Bien lo pudo haber dicho la maestra Gordillo, que podría salir de su encierro para pasar los procesos judiciales en su modestísima casa ahora que está por cumplir 70 años, pero no. O también la señora Wallace, que busca someter a los candidatos al antidoping y a los policías a rigurosas pruebas de orina con observadores internacionales in situ para evitar que se haga pipí de otro hogar. O la Cocoa Calderón, que no la dejaron increparle algunas verdades durante su comparecencia al mirrey de Michoacán, Alfredo Castillo, quien cada vez que habla de la entidad parece que se refiere a Suiza.

Pero no, fue a Margarita Zavala a quien las fuerzas oscuras del anticalderonismo la dejaron sin una plurinominal, gente canalla que pretende que una persona de su estatura moral se vaya a la calle a buscar votos.

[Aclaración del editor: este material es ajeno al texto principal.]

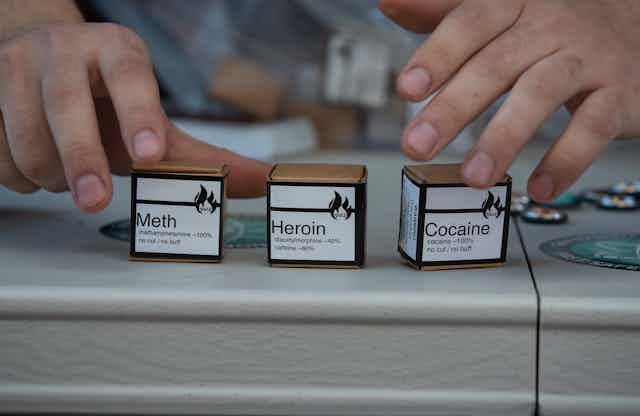 Hands reaching for three small cardboard boxes labeled 'Meth,' 'Heroin' and 'Cocaine.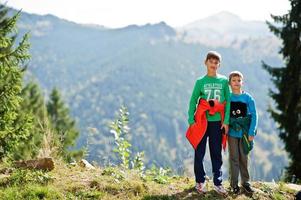 Brothers hike in the mountains, children are walking along a mountain trail, outdoor activities with children, sibling, boy with his brother traveling. photo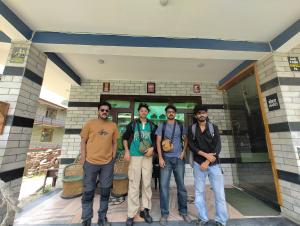 a group of men standing in front of a building at Triumph bed and breakfast and cafe in Kasol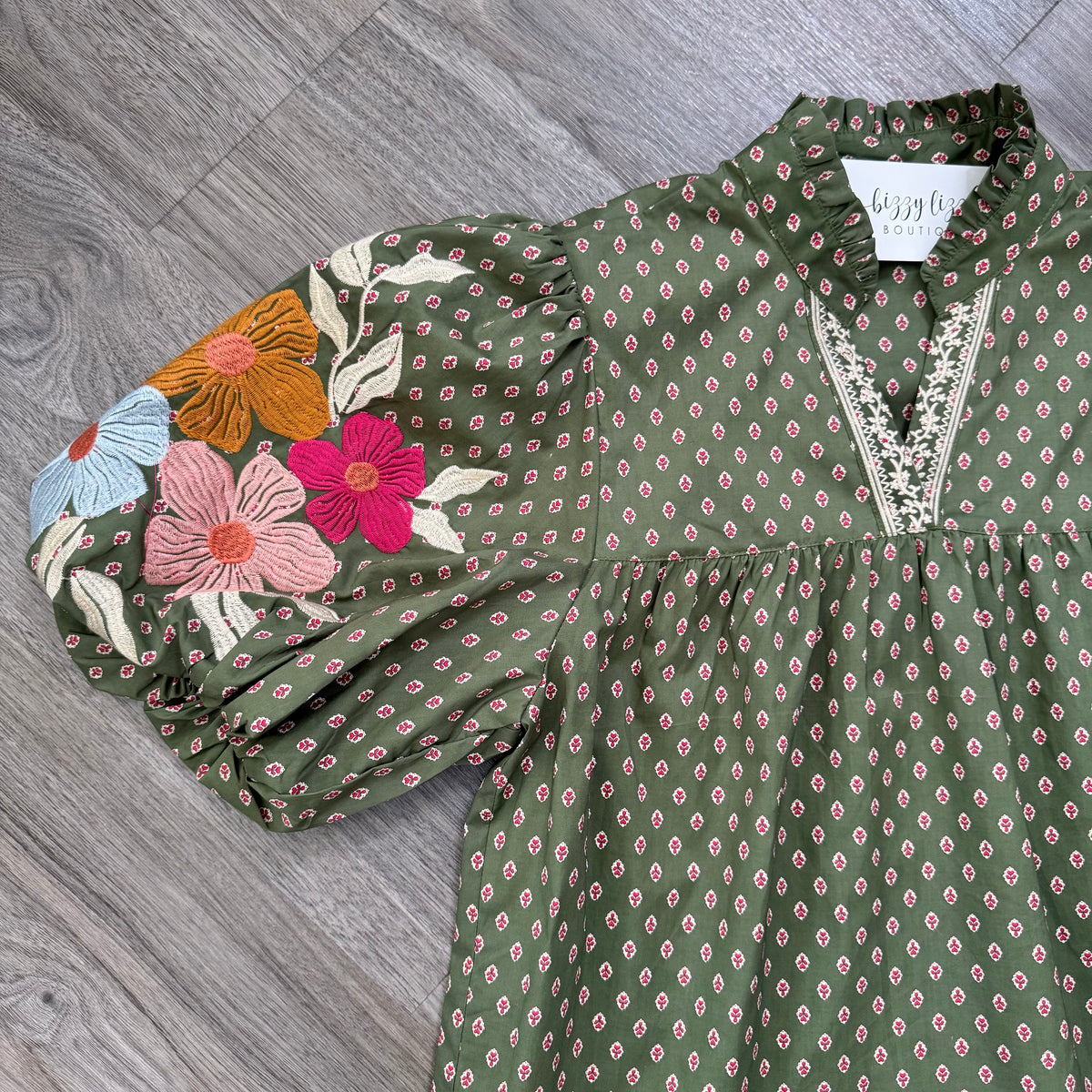 An olive green short-sleeve blouse with a small pink and white geometric print, featuring a lace-trimmed V-neckline and a colorful floral embroidery on the right sleeve, laid flat on a gray wood floor.
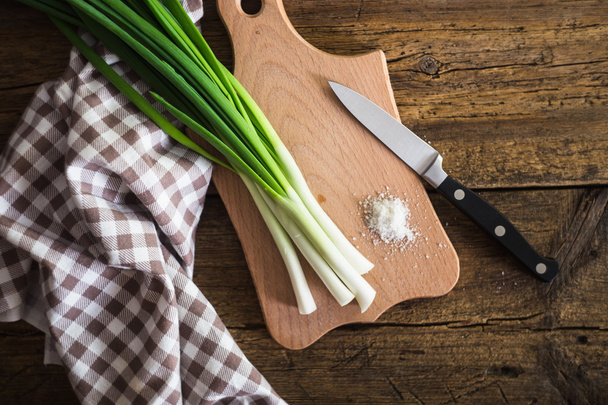 Green onions on a chopping board. Knife and napkin on a wooden table - Photo, Image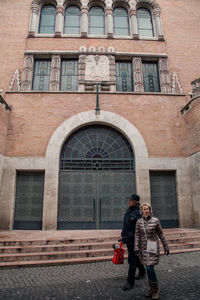 Full length of man standing against building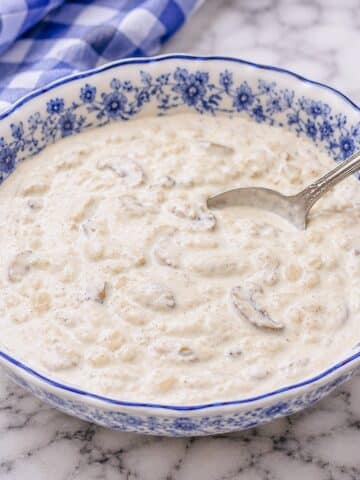 A blue-patterned dish filled with creamy mushroom and onion sauce.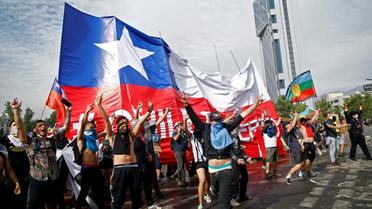Des manifestants agitant un drapeau géant chilien, à Santiago du Chili le 23 octobre 2019
 [Pablo VERA / AFP]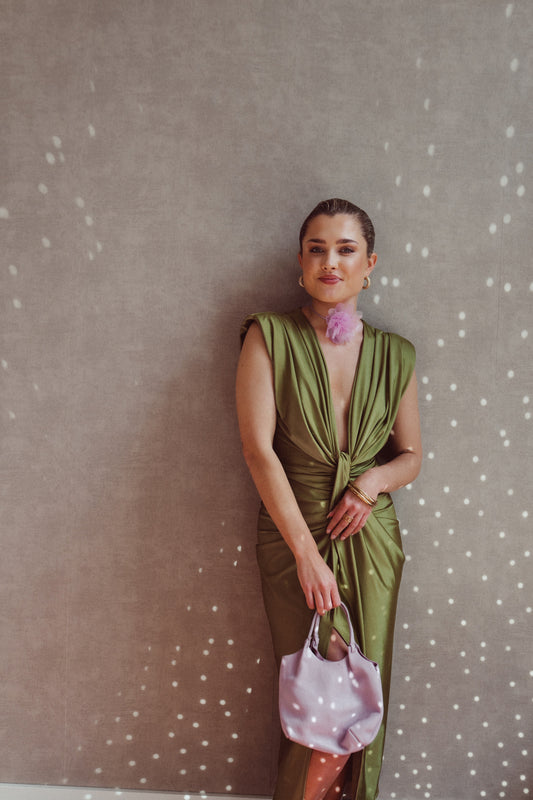 Donna in abito verde elegante con borsa rosa, sfondo grigio con riflessi luminosi. Moda femminile, stile sofisticato, accessori di tendenza.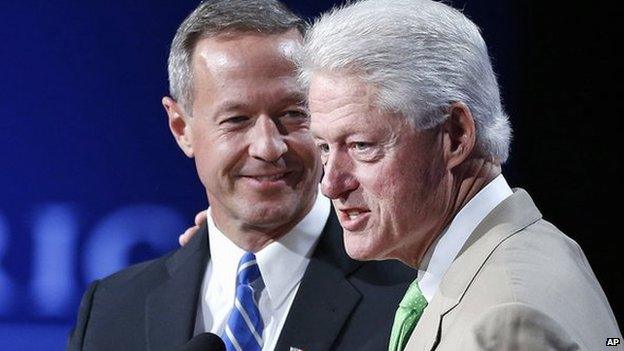 Bill Clinton stands next to Martin O'Malley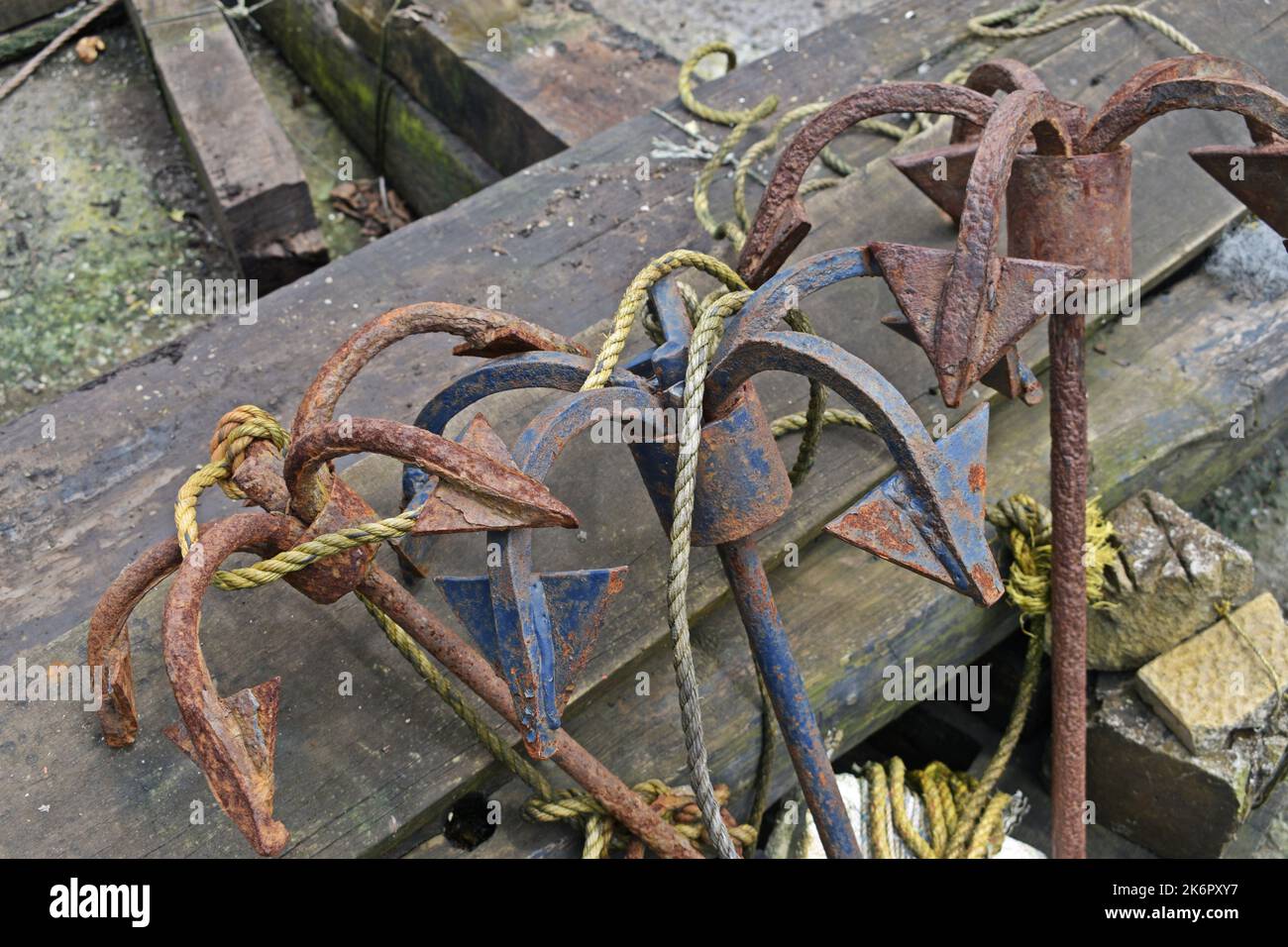 Rusty Anchors and Maritime Equipment on a Wooden Dock at Daytime Stock Photo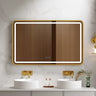 Venus 1200x750mm rectangular front-lit motion sensor LED mirror with brushed gold frame in a bathroom above a round basin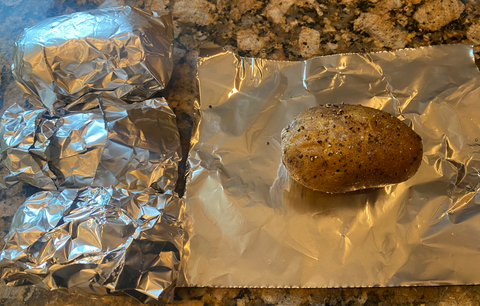 Image of Pull the potatoes out of the oven and wrap in...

No se vale, sobre todo porque el paso de su Jelipillo por Los Pinos fue de un humanismo supremo, sensible, que no forma parte de la “Decena trágica” blanquiazul, que le llama el relojero Camacho Quiroz.

Solo por eso era para que Armando Ríos Piter le hubiera regalado la candidatura del PRD por Guerrero que despreció, tras anunciar que su mobiliario moral no hace juego con el churrigueresco y retorcido estilo pragmático de Los Chuchos.

No es justo que la pobre Margarita Zavala —a la que debemos reconocerle que, pesar de no ser solidaria con la Guardería ABC, al menos nunca salió a regañarnos por la tele al estilo Catalina Creel— ande muy atareada buscando el espacio político que se merece. Lo bueno es que es luchona y si no pudo ganarse una plurinominal en el PAN, donde abundan resentidos y traidores, ahora anuncia su pelea por la presidencia del PAN. A ver si lo que algunos denominan la “mafia de Madero” no le aplica la misma terapia que su chaparrito le aplicó al Peje: el haiga sido como haiga sido.

Pero igual si la bloquean de mala fe, podría tratar de reivindicarse peleándole a Clarita Brugada Iztapalapa, que de nuevo quiere gobernar, aunque no se sabe si Juanito le seguirá la corriente. Una delegación que Valencia abandonará, como el resto de los de su gremio, para buscar otro hueso (y un crédito Higa para no andar en camionetas prestadas), luego de dejar aquello cual réplica de Mordor.

Quién sabe por qué hay tanto lío porque los delegados andan de chapulinzotes. Ni modo que los vayamos extrañar.

Lo que verdaderamente da miedo es que viendo completo el panorama, todo gobierno tiene su Línea 12.